I’m a HUGE fan of Structural Equation Modeling. For those of you unfamiliar with the technique, it’s awesome for three main reasons.

- It’s a method of teasing apart direct and indirect interactions in your data.
- It allows you to assess the importance of underlying latent variables that you cannot measure, but for which have measured indicators.
- As it’s formally presented, with path diagrams showing connections between variables, it’s SUPER easy to link conceptual models with your data. See Grace et al. 2010 for a handy guide to this.

Also, there is a quite simple and intuitive R package for fitting SEMs, lavaan (LAtent VAriable Analysis). Disclaimer, I just hopped on board as a lavaan developer (yay!). I’ve also recently started a small project to find cool examples of SEM in the Ecological literature, and then using the provided information, post the models coded up in lavaan so that others can see how to put some of these models together.

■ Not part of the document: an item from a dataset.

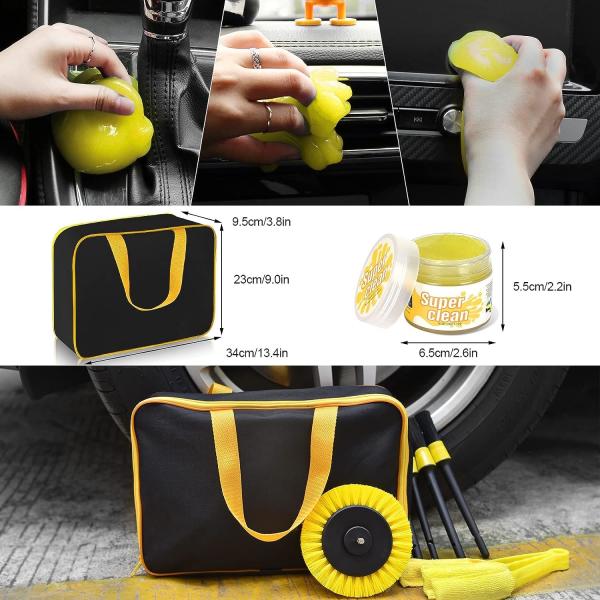 Car Cleaning Tools Kit, Car Detailing Kit, Car Detailing Brush Set with Carry Bag, Auto Drill Brush Car Wash Kit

As Ecologists, we often use latent variables to incorporate known measurement error of a quantity – i.e., a latent variable with a single indicator and fixed variance. We’re often not interested in the full power of latent variables – latents with multiple indicators. Typically, this is because we’ve actually measured everything we want to measure. We’re not like political scientists who have to quantify fuzzy things like Democracy, or Authoritarianism, or Gastronomicism. (note, I want to live in a political system driven by gastronomy – a gastronomocracy!)

However, we’re still fascinated by the idea of bundling different variables together into a single causal effect, and maybe evaluating the relative contribution of each of those variables within a model. In SEM, this is known as the creation of a Composite Variable. This composite is still an unmeasured quantity – like a latent variable – but with no error variance, and with “indicators” actually driving the variable, rather than having the unmeasured variable causing the expression of its indicators.

Let me give you an example. Let’s say we want to measure the effect of nutrients on diatom species richness in a stream. You’re particularly concerned about nitrogen. However, you can’t bring water samples back to the lab, so, you’re relying on some moderately accurate nitrogen color strips, the biomass of algae (more algae = more nitrogen!), and your lab tech, Stu, who claims he can taste nitrogen in water (and has been proved to be stunningly accurate in the past). In this case, you have a **latent variable**. The true nitrogen content of the water is causing the readings by these three different indicators.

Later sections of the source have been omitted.